**Exercise instructions**
Output exactly the lines from the one containing "BVFSXHS For CBR500R" through the final line of the entries below, both included, and skip the pictures.
- - -
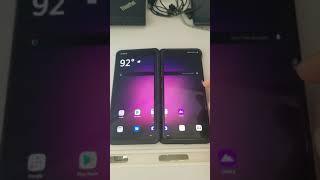 LG V60 Dual Screen with Wide Mode Application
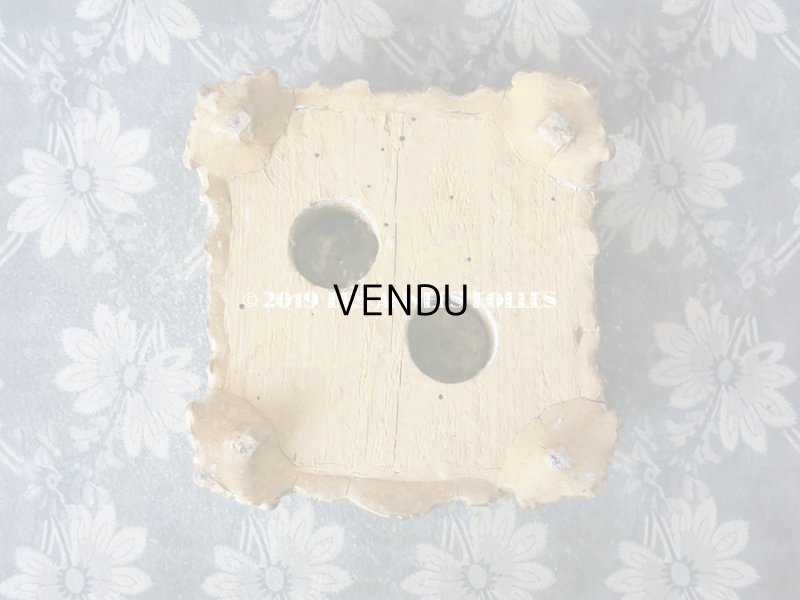 画像4: 19世紀末 アンティーク マリアージュの台座 紫のベルベット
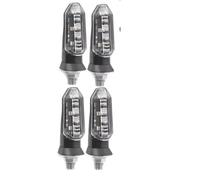 BVFSXHS For CBR500R CBR650R CRF250L Rebel 500 Motorcycle Turn Signals Motorcycle Turn Signal Indicator(4 x Transparent Lens)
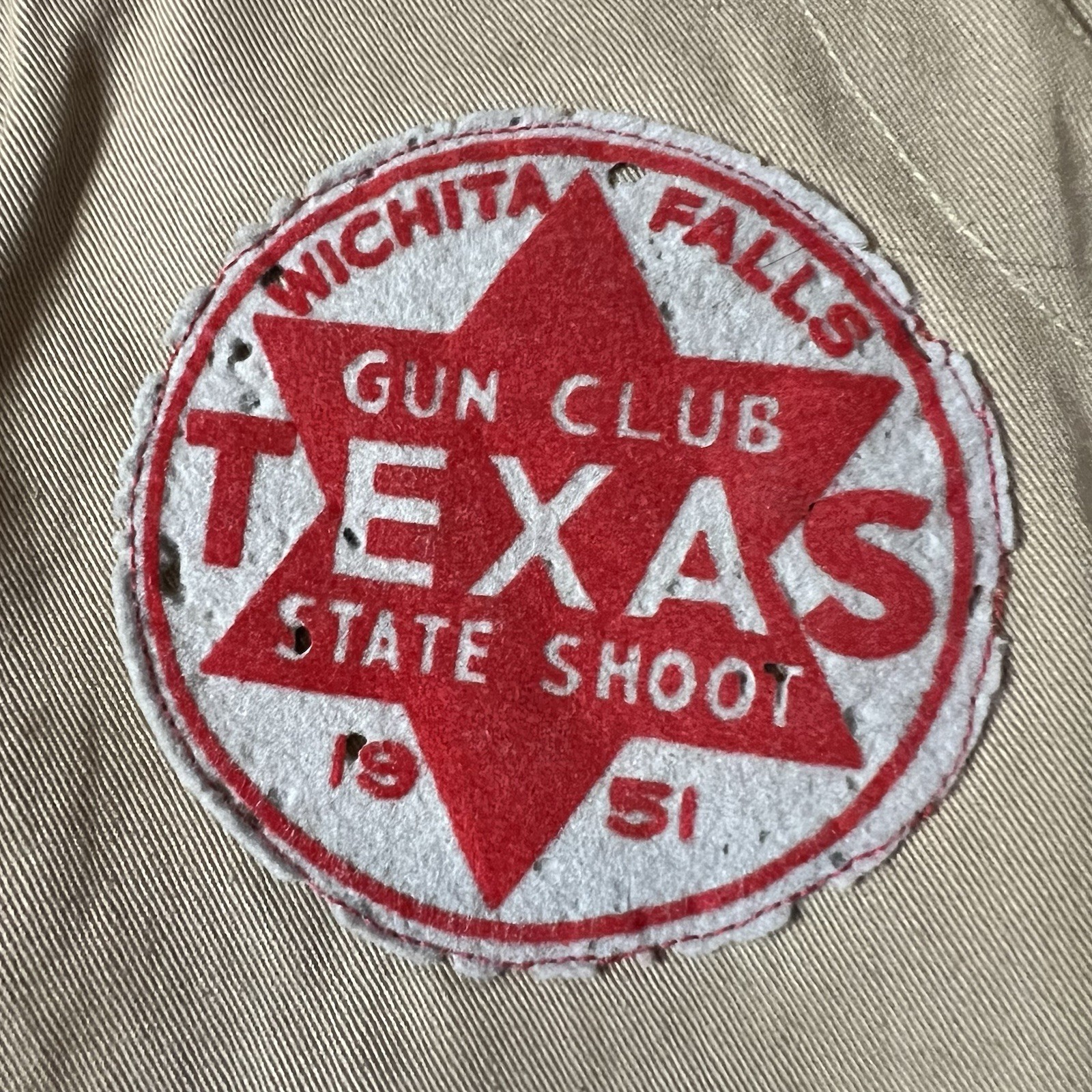 Vintage 1940's Utica Duxbak Shooting Hunting Fishing Game Canvas Vest w/ Patches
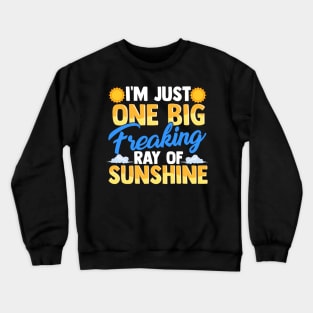 I'm Just One Big Freaking Ray Of Sunshine Crewneck Sweatshirt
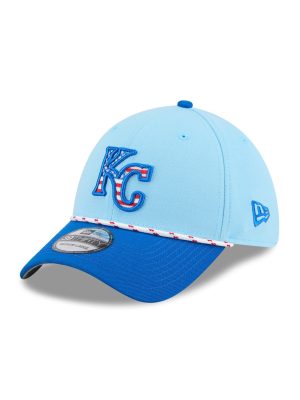 Kansas City Royals Independence Day 2025 39THIRTY Stretch Fit Hat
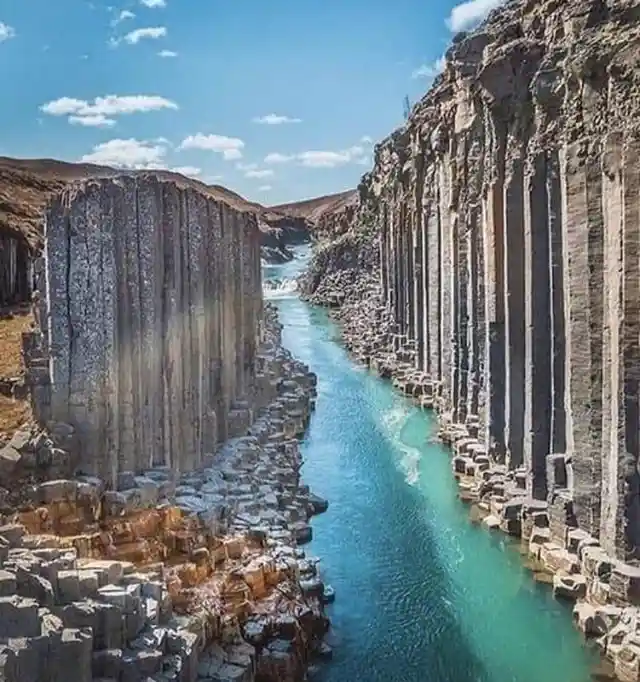 Stuðlagil Canyon in Iceland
- - -
**Task result**
 BVFSXHS For CBR500R CBR650R CRF250L Rebel 500 Motorcycle Turn Signals Motorcycle Turn Signal Indicator(4 x Transparent Lens)
 Vintage 1940's Utica Duxbak Shooting Hunting Fishing Game Canvas Vest w/ Patches
 I'm Just One Big Freaking Ray Of Sunshine Crewneck Sweatshirt
 Kansas City Royals Independence Day 2025 39THIRTY Stretch Fit Hat
 Stuðlagil Canyon in Iceland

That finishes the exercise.